NAMING TERRORISM: A CRITICAL ANALYSIS OF THE BUFFALO ‘SHOOTING’
By: Ava Grace Fritz
The Terrorism Bias
European and North American media has a tendency to conflate acts of terrorism with
Islamic extremism and non-whiteness (Lajevardi, 2021). Meanwhile, violent crimes committed
by white perpetrators motivated by other ideologies, such as, but not limited to, white
supremacism, conveniently escape the “terrorism” label (Corbin, 2017). I argue that this is wildly
unjustified, and that even crimes committed by white perpetrators born and raised in the West
can indeed be classified as terrorist. To this end, I focus on the case of the Buffalo shooting that
occurred on May 14th, 2022, wherein an armed American white supremacist entered a store
frequented by Black customers and proceeded to kill ten and injure three (Prokupezc et al.,
2022). This is an express act of terrorism, and I prove it by first constructing a definition of
terrorism based on prevailing academic literature, and then arguing through court-submitted
evidence that the Buffalo shooting falls squarely under this definition. To my frustration, Western
media insistently names the crime a “mass shooting” or “massacre” in their headlines, but never
“terrorist” (Franklin, 2022; Mckinley et al. 2022; O’sullivan, 2022), demonstrating how white
terrorist acts evade the term, and I intend to show this bias with this article.

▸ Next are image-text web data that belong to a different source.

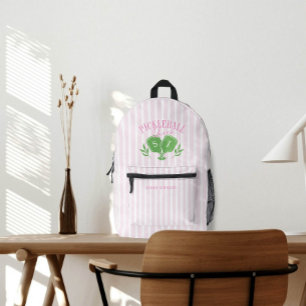 ピクルボールクイーンロゴモノグラム名前をカスタムする プリントバックパック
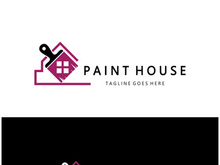 logo icon illustration house paint with a blend of brushes and rollers for house wall paint design, minimalist house, painting, interior, building, property business, wallpaper, vector concept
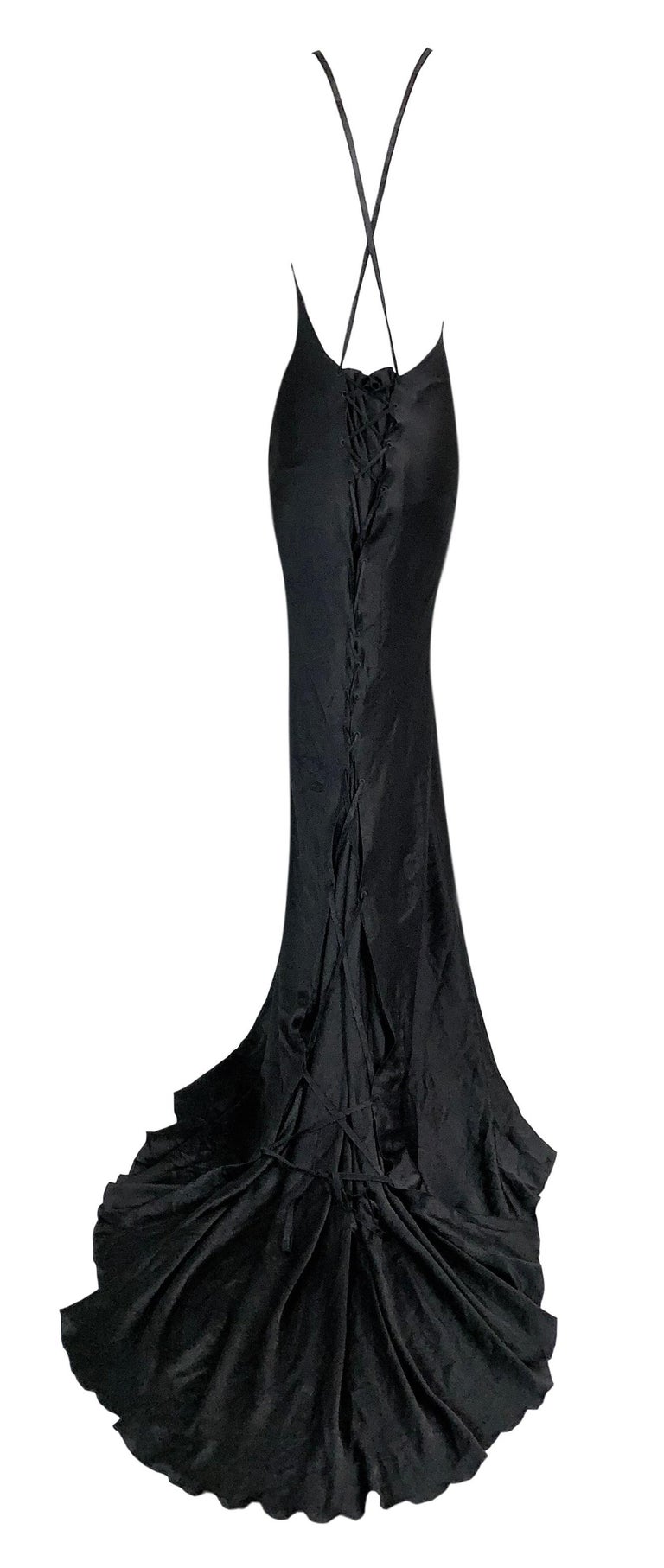 NWT F/W 2002 Gucci Tom Ford Black Silk Corset Ties Plunging Gown Dress ...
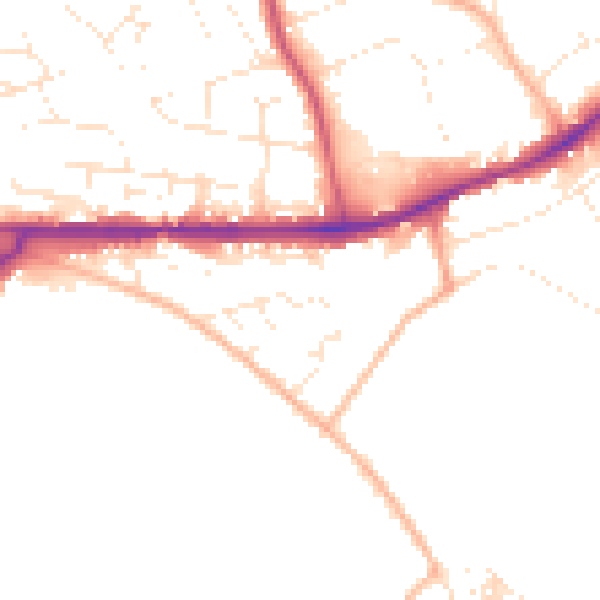 Daytime road noise heatmap for PL25 3FS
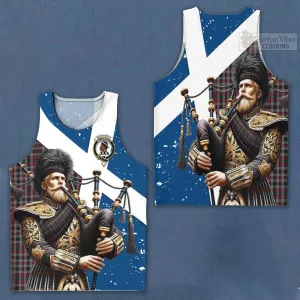 Borthwick Tartan Men's Tank Top with Family Crest Scottish Bagpiper Vibes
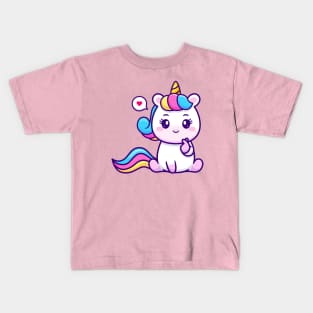 Cute Unicorn With Love Sign Hand Cartoon Kids T-Shirt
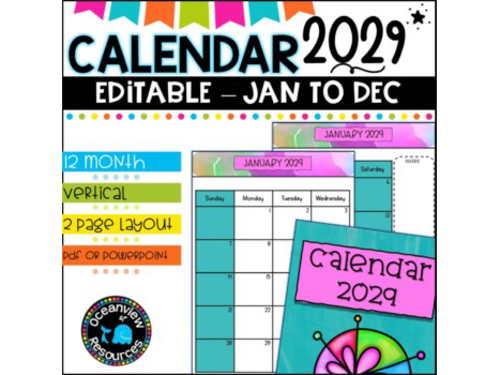 2029 Calendar Editable-January to December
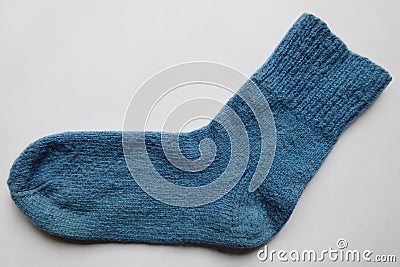 Blue Color Natural Wool Hand Made Knitted Warm Socks Sock On The White Background Stock Photo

Terrorism is a tricky term to define because it is frequently tossed around, sometimes
“careless[ly]”, in popular discourse, and this is a real issue (Richards, 2013, p.X). A
clearly-demarcated definition of terrorism is useful for the development of law surrounding
terror-related crimes and so we can challenge instances of racist bias in its use, as I seek to do
(Richards, 2013). In this section, I will draw upon existing literature and arguments to
First, there is a distinctly ideological character to terrorism, in that it is violence
committed for some political end and not a random act of violence (Richards, 2013). An
accidental explosion, for instance, cannot be considered terrorist. However, importantly, it is also
not an act committed in the name of any particular ideology (i.e., Islamic extremism) because
that would render the concept unreasonably narrow, potentially racist, and would exclude a range
of mass violent crimes that intuition might deem terrorist (Richards, 2013).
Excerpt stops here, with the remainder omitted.